During World War II that brand too looked like it would disappear forever as all means of production essentially ceased from 1939-1946 - as almost all quinine production was in Java, Indonesia which was seized by the Japanese, and what little where was, was needed for soldiers fighting in the Pacific theater. Due to those restrictions neither Schweppes nor its competitors could produce quinine water -and while many of those companies faded away, Schweppes managed to survive, although they produced no product. Rather than shutter, they continued to advertise - stressing that the brand would return and that things would return to normal. And it did in late 1946.


But as time changed, and British imperialism’s power waned, the function of tonic water changed too. It was less and less needed as an anti-malarial, due to the development of more effective (though still quinine based) drugs, and it became far more used for it’s more pleasant purposes of making a nice gin and tonic.


And tonic water as we know it changed too. No longer did it need to contain medically effective doses of quinine, and the amount of quinine was dropped by more than 90%, in some cases even by more than 95% *** leaving just the bitterness in what is no longer truly a “tonic water.”


It’s unlikely Jacob Schweppes would take a sip of Schweppes’ tonic water today and recognize it as his company’s creation***. But today, almost 55 years later, Schweppes is still the biggest name in what we still call tonic water. The recipe is far from the same, but almost all modern "tonic waters" owe part of their heritage to them - at least in terms of the bubbles, and nominclature.


But he probably wouldn’t recognize more modern tonic waters either. Because while quinine water was the basis of what we know as tonic, and most of us associate Indian tonic water as the norm, it really isn’t. Tonic water was always a combination of flavorings and quinine. Leading to a modern revolution in it where we have flavored tonic waters, made in different styles, to mix with our gin.

We live in a world of craft gins, and craft tonics, many created by people who didn’t like all the sugars, or corn syrups, or even the flavors of the granddaddy of tonic waters.

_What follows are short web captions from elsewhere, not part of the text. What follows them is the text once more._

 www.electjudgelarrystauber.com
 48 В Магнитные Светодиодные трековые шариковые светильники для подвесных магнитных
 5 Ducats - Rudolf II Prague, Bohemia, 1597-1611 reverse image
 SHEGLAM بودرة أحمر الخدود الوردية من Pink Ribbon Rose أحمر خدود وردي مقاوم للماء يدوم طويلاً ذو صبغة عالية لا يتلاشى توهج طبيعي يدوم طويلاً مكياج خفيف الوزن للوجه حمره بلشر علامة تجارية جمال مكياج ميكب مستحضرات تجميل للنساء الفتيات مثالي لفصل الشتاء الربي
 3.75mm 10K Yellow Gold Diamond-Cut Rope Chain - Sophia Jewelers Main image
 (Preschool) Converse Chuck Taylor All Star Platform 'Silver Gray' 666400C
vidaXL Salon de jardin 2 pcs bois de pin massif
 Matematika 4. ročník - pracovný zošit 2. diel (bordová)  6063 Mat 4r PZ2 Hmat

If you are lucky enough to live in the UK or Europe today you’ve got a wealth of craft but commercial tonic waters to choose from (and I have to admit I’m jealous of that). Here in the US we have a lot fewer. Our choices essentially boil down to Schweppes, Canada Dry, Vintage, and Polar, which are all basically mass produced and in the same mold, and smaller more boutique produced tonic waters like Fever Tree, Q, London Essence, Fentiman''s, Jack Rudy and More Good (the last two are available as syrups only).****


And it doesn’t matter if you like your tonic water made with elderflower, aromatic, lemon, Mediterranean, or classic, they are all tonic waters. Enjoy them.


 

* A company now makes a tonic water available in the UK by the name Erasmus Bond, but it is a brand name - not the original made by Erasmus bond.

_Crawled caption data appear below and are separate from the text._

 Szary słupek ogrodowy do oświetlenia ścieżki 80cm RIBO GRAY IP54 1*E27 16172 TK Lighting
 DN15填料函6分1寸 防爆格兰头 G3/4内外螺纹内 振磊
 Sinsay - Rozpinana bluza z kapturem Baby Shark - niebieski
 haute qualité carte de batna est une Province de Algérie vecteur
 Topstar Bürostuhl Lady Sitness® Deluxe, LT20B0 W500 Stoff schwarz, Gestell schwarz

** In the US the quinine content is regulated to just 83mg/l. Antimalarial doses ranged from 1000-2000mg.


*** To be fair, one of the reasons Jacob Schweppes wouldn't recognize Schweppes tonic water is that he never tasted it. He died 49 years before the Schweppes company started producing tonic water.


**** of course the day after I wrote this I found two new tonic waters, produced under the San Pellegrino name.